Material provided:
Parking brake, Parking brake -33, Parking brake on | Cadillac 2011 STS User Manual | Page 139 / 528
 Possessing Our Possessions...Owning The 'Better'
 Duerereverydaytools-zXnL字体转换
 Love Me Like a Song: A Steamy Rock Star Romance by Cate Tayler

Your instructions: The entire listing is to be retyped exactly.

Reply to the task:
Parking brake, Parking brake -33, Parking brake on | Cadillac 2011 STS User Manual | Page 139 / 528
 Possessing Our Possessions...Owning The 'Better'
 Duerereverydaytools-zXnL字体转换
 Love Me Like a Song: A Steamy Rock Star Romance by Cate Tayler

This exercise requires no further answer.